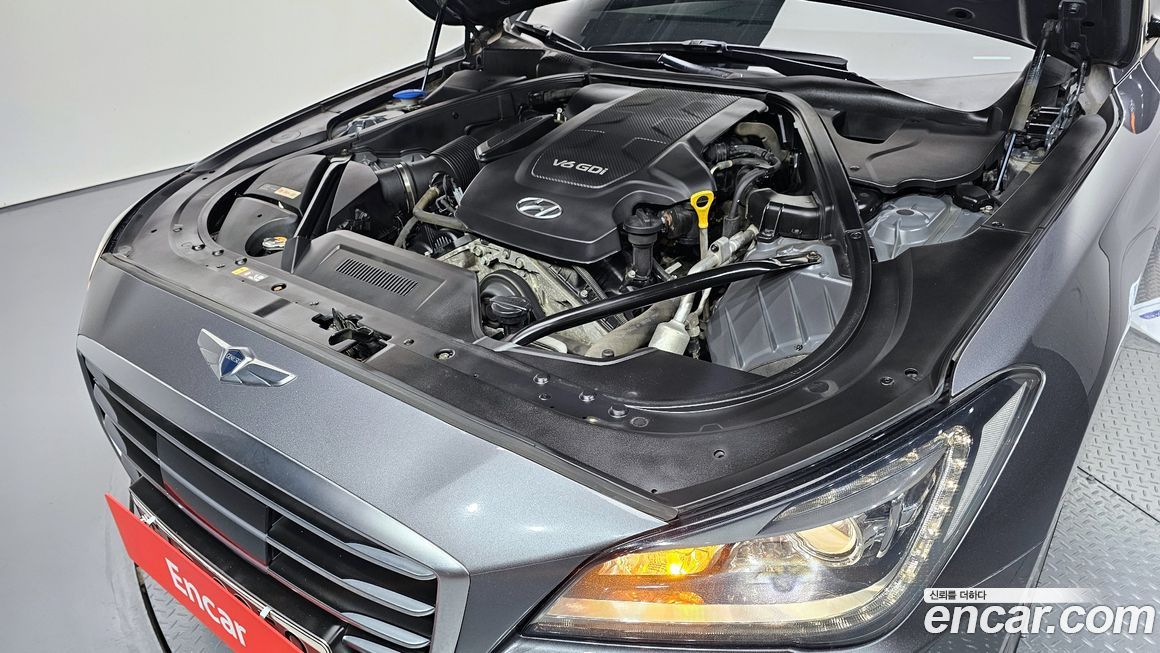 Hyundai Genesis 2016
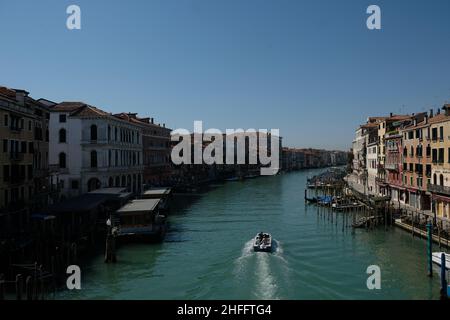 Una visione di Venezia durante il blocco in tutta l'Italia imposto per rallentare lo scoppio del coronavirus, a Venezia, Italia, 10 aprile 2020.(MVS) Foto Stock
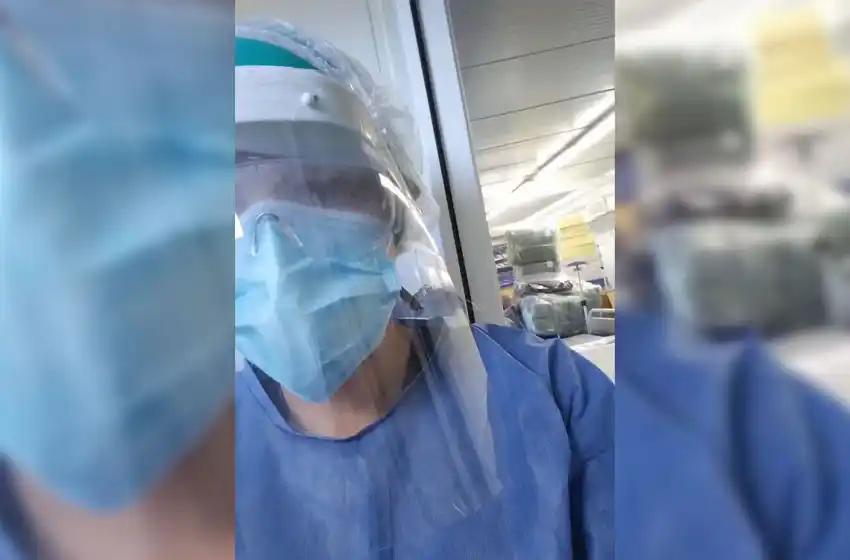 Mientras atendían pacientes con coronavirus, afuera jugaban un partido de fútbol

> **Exercise directions**:
Leave the pictures out, and print every line of the listing exactly as written.

> **Response for this exercise**:
 Hyundai Genesis 2016
 Una visione di Venezia durante il blocco in tutta l'Italia imposto per rallentare lo scoppio del coronavirus, a Venezia, Italia, 10 aprile 2020.(MVS) Foto Stock
 Mientras atendían pacientes con coronavirus, afuera jugaban un partido de fútbol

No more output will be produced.